Upon release, Honeymoon received positive reviews from music critics, appearing on the 2015 best albums lists of many publications. At the time of its release, several critics considered the album Del Rey's best album to date. The album was a global success, topping the charts in Australia, Greece, and Ireland and reaching the top five in over twenty countries, including the United States, where it debuted at number two on the Billboard 200, selling 116,000 units in first week. The album was supported by the release of two singles: "High by the Beach", and "Music to Watch Boys To".

Background and recording 
Del Rey finished the recording of her third studio album, Ultraviolence, in March 2014, and by June of the same year she had begun working on a follow-up idea stating that the process was "growing into something I really like. I'm kind of enjoying sinking into this more noirish feel for this one. It's been good".
In a December 2014 interview with Galore Magazine, Del Rey revealed she had begun working on a new album.
In January 2015, Lana Del Rey announced via Billboard that she had begun work on her fourth studio album, announcing she was going to release an album entitled Honeymoon sometime that same year.
During the time of the announcement, Del Rey also said that she had written and recorded nine songs that could possibly be featured on the album and stated that she was covering Nina Simone's "Don't Let Me Be Misunderstood". During the interview with Billboard, Del Rey stated that the album would be different from her previous release, Ultraviolence (2014), but similar to her first major release, Born to Die (2012), and the extended play Paradise (2012).

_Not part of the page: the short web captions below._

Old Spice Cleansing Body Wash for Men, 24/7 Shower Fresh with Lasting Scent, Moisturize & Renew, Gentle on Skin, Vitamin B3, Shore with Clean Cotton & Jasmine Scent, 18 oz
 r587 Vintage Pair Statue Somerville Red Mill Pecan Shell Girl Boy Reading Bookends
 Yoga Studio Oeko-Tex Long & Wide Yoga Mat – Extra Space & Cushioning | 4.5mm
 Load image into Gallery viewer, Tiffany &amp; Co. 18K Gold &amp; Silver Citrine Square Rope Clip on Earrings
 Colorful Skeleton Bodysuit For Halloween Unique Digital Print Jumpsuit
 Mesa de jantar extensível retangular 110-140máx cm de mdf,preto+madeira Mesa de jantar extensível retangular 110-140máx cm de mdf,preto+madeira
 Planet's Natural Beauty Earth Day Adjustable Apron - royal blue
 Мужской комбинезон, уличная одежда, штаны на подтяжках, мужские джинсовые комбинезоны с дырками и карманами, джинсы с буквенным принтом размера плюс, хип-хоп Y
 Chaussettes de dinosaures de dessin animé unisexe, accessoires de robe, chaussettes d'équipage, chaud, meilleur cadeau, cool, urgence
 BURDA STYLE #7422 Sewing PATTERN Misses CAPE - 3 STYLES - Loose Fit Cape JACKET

During the album's recording process it was reported that producer Mark Ronson had collaborated with Del Rey for Honeymoon, but their writing sessions did not produce any material for the album.
In December 2014, Del Rey stated to Grazia magazine that she wanted to introduce orchestrations with monumental choruses with a touch of subdued grudge for the album, during the recording sessions she played ten songs to Mark Ronson and stated that the album would be exploring a sound close to the golden age of jazz.
Besides working with Ronson, Del Rey also worked with Dan Heath and Rick Nowels, with the pair Del Rey began writing small pieces for independent films continuing to state that "Dan Heath and Rick Nowels are two of my dearest friends and producers and we are always up to something". Heath would eventually not feature on the album; however, Rick Nowels went on to co-produce and co-write each song with Del Rey.
In January 2015, Del Rey confirmed the song "Music to Watch Boys To" which was initially intended to be the title for the whole album, she also revealed that she wrote it in a visual, noirish way saying "the title (of the song) lends itself to a visual of shadows of men passing by, this girl's eyes, her face. I can definitely see things". The same month, Del Rey stated she was aiming to record a few more songs to tie the project together. "High by the Beach" was recorded as one of the last tracks for the album. Its development started with its chorus, which was inspired by a period when Lana Del Rey frequently drove by the beach.

Composition

Music and lyrics

Musically, Honeymoon has been variously described as a retro-styled work of "grand, cinematic baroque pop", "elegantly melancholy dream pop", and a return to "the cinematic trip hop" of Del Rey's debut album Born to Die and incorporates elements of trap, blues, downtempo pop, and jazz. The album's production was noted as containing sighs, whispers, subtly layered vocals, melodies that lazily unwind, decaying synths, echoing guitar lines, strings, hazes and restrained drum patterns. Built over chopped-and-screwed samples, hints of jazz and Morricone-like soundscapes, Honeymoon has been characterized as Del Rey's most sophisticated album. According to Nick Levine of Time Out, Honeymoon was seen as a departure from the "grungy" tones of Ultraviolence opting for a "glossier" production, which was characterized as containing swirls of cinematic strings, twangy guitars and exquisitely miserable melodies. Andy Gill of The Independent noted Del Rey's vocals as being "multi-layered cooing", airy and ethereal. Gill continued in-depth to say:

Honeymoon finds Del Rey reverting, after the more atomised, individual characters of last year's Ultraviolence, to a composite persona closer to the dissolute subject of her Born to Die debut. Not only does her vocal delivery remain the same throughout, but also its protagonist's "voice"; while the emotional impact of what might sometimes be traumatic developments seems somehow damped, as if experienced through a narcotised haze. Happy or sad, angry or apologetic, dominant or submissive, it's apparently all the same to Del Rey, who floats through these songs with a weird indifference.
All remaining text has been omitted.